For homeowners that have them, ponds are a vital part of the natural landscape. They serve every purpose, from fishing and recreation to livestock and wildlife management. In addition, they provide a natural water reservoir that can sustain a water supply during drought. A pond that leaks, though, may not provide any of these benefits and can actually become a haven for pests (such as mosquitoes). Repairing a leaking pond dam, then, is an important -- albeit it sometimes difficult -- step in maintaining a properly functioning pond.
Verify that you do indeed have a leak in the dam, rather than a water supply problem. A pond that is not built in the lowest part of a property may not get the runoff necessary to counteract the natural process of evaporation -- particularly during unseasonably hot or arid times. If it is indeed a leak, you'll notice that the pond rapidly loses water to a certain point, then holds fairly well from then on.
Determine your treatment method based on pond size and leak location. If the dam is particularly steep, you won't be able to use spot applications of bentonite or chemical sealant because these treatments will sink below the location of the leak. A small pond can be efficiently fixed with a pond liner, but this is an unrealistic solution for large ponds.

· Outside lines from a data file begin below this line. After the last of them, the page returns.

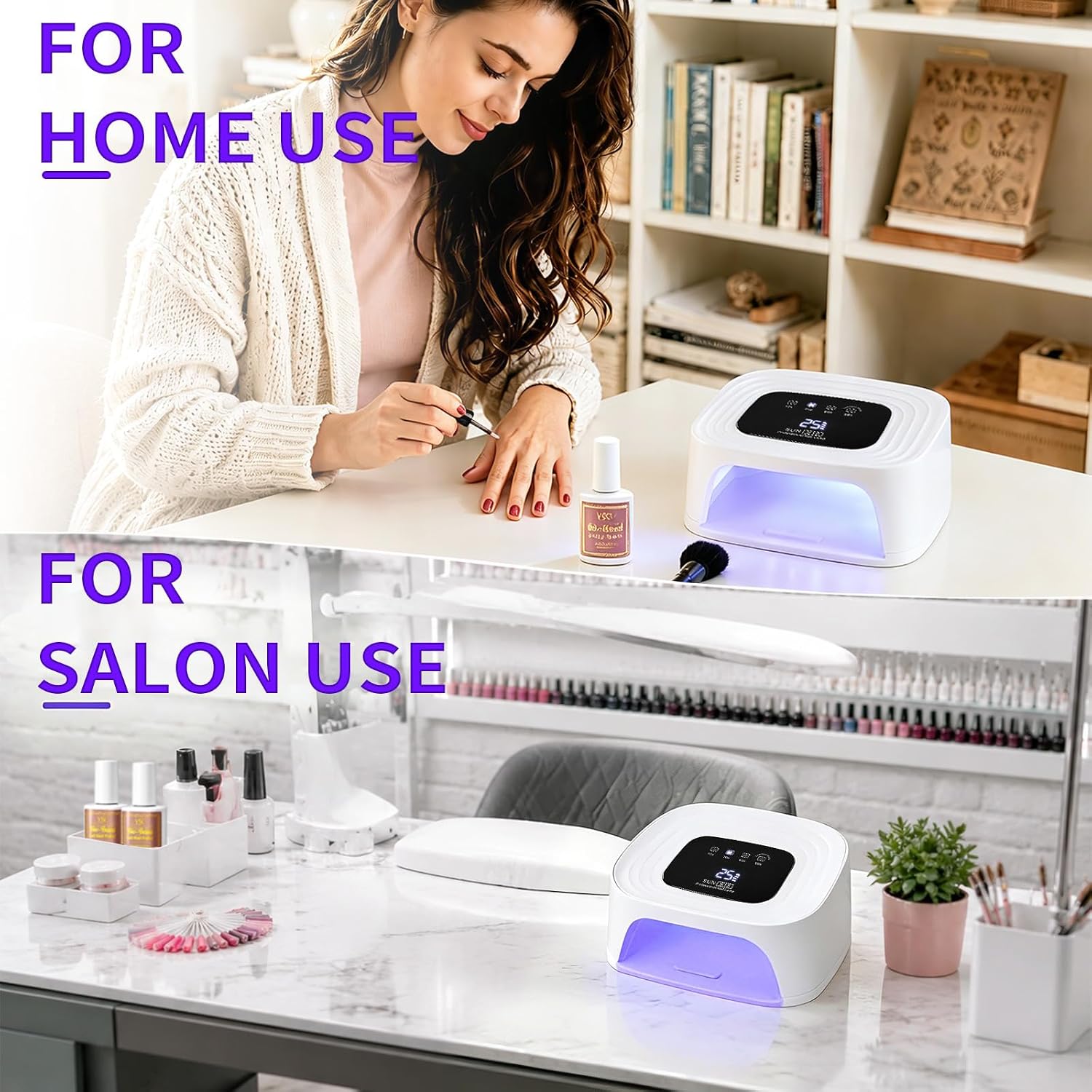 YSC Cordless UV LED Nail Lamp, Rechargeable Gel Nail Light 7800mAh | 108W Cordless UV LED Nail Lamp with 36 Dual-Light Beads, 4 Timers, LCD Screen, and Detachable Base for Gel Polish Curing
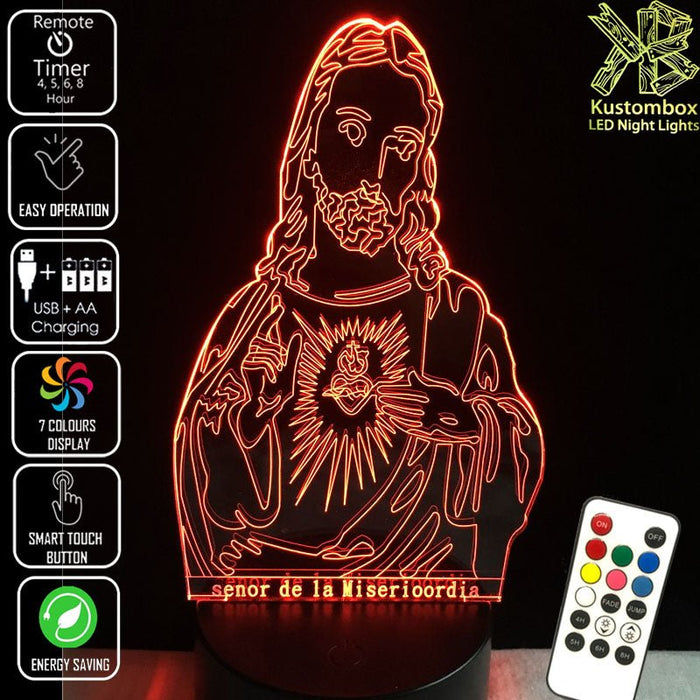 Jesus Christ Religious Statue - 3D LED Night Light 7 Colours + Remote Control - Kustombox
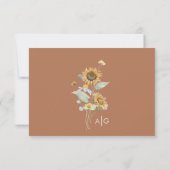 Rustikale Sonnenblumenbeige - RSVP Response Card Karte (Rückseite)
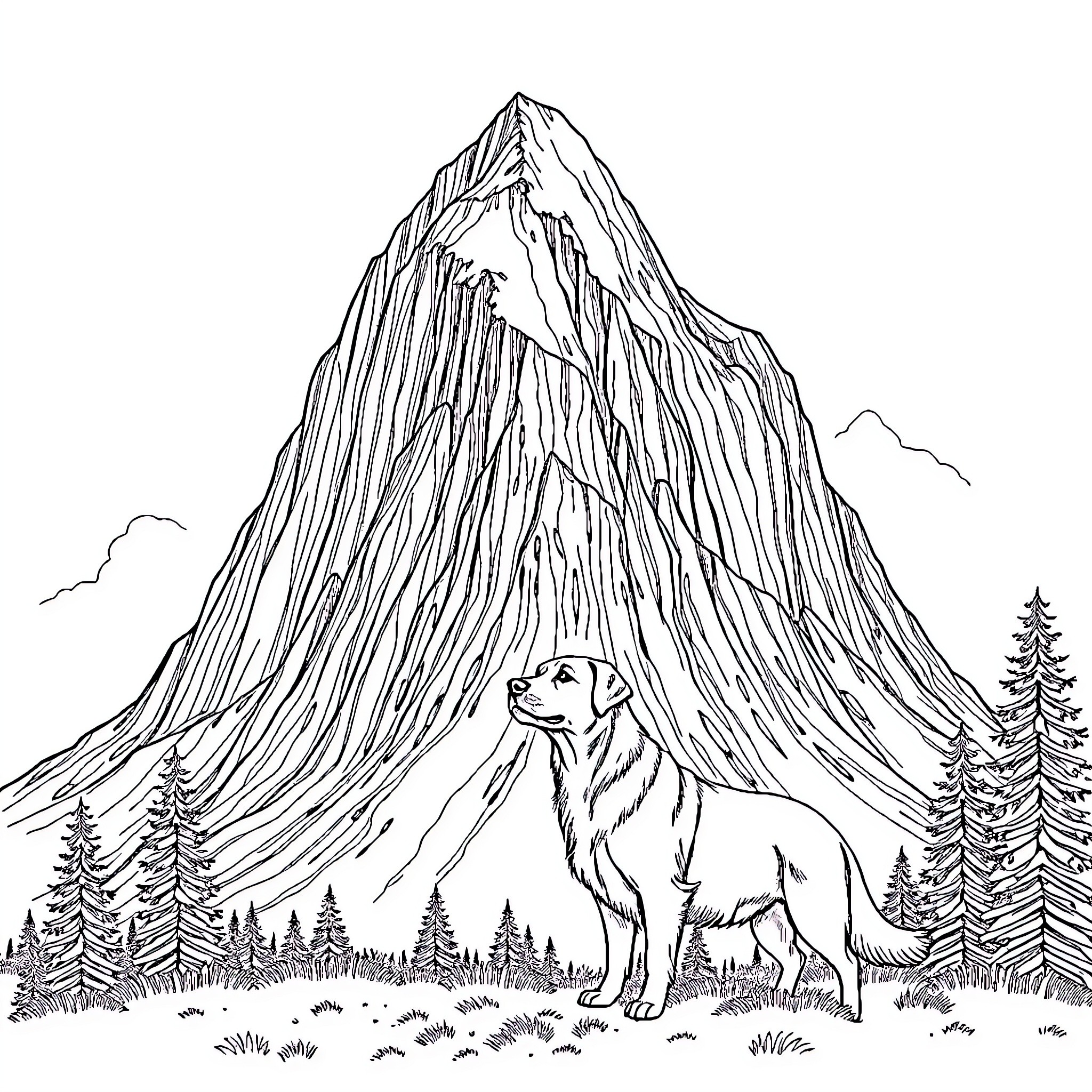Mountain adventure with majestic peaks and wildlife Coloring Page (free black-and-white line drawing printable PDF for all, from beginners to advanced learners, including children, teens, adults, and seniors)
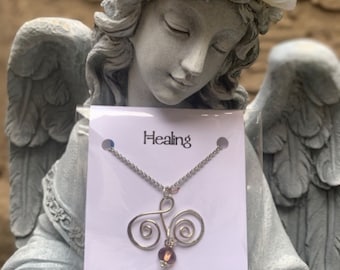 Healing, Zibu Symbol, Sterling Silver Pendant, Fluorite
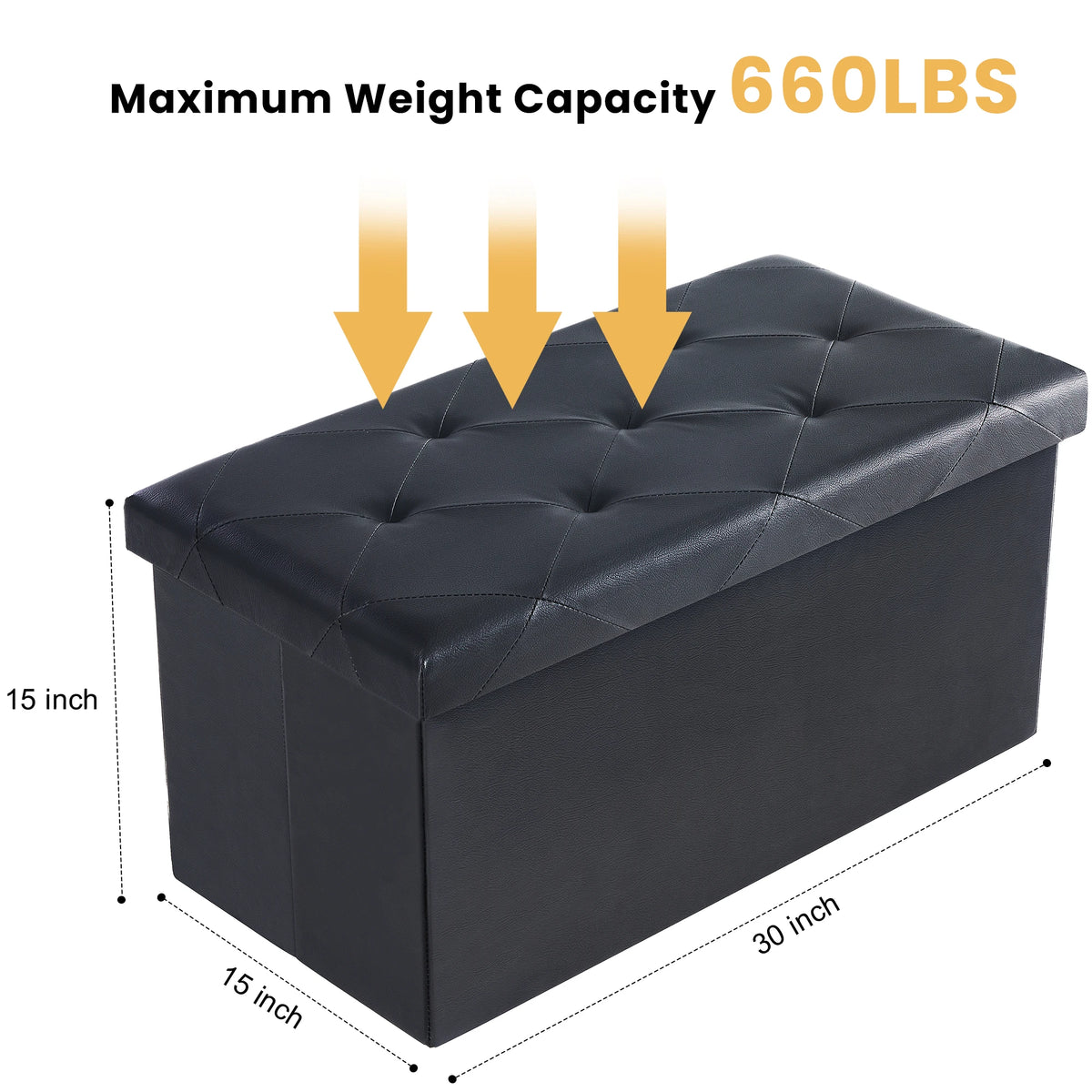 JHK 43-Inch Leather Folding Ottoman Storage Bench - Versatile Footstool and Toy Box with 660 lbs Capacity for Living Room and Bedroom Use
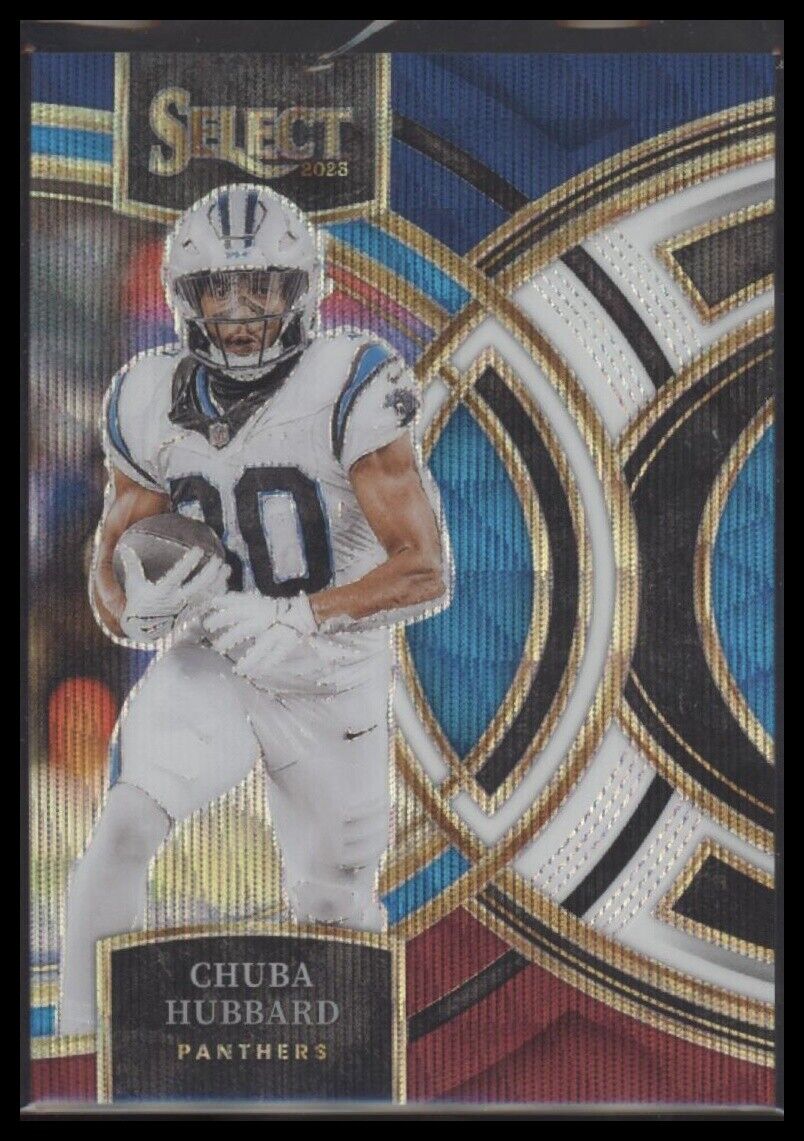 2023 Panini Select #191 Chuba Hubbard Tri-Color Prizms #/225
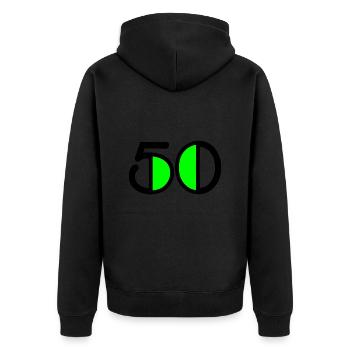 50 ANS. 50e ANNIVERSAIRE. ANNIVERSAIRE 50 ANS. 50 - Veste à capuche bio Premium Unisexe - noir - Dos - Nico (187cm)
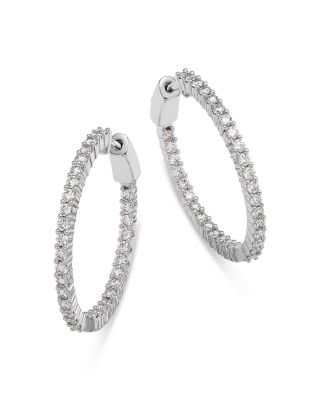 Bloomingdale's Fine Collection - Diamond Inside Out Medium Hoop Earrings in 14K White Gold, 1.50 ct. t.w.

Start with a bentonite or chemical sealant application if the dam is not extremely steep. You'll be able to avoid draining the pond, renting equipment, and harming pond life this way. These additives, which can be bought at a local agricultural supplier, are simply spread on the surface of the pond throughout the area in question. They sink down to the pond floor and often expand greatly as they become saturated with water, thus filling any gaps in the pond bed.
Drain the pond below the determined level of the leak if Step 3 does not adequately address the problem. For small ponds, or large ponds where the leak location is specifically known, rent an industrial tamper to compact the pond bed in the area. Follow with a heavy application of clay or bentonite, and then tamp again. Allow the pond to refill and monitor water levels for 2 to 3 weeks.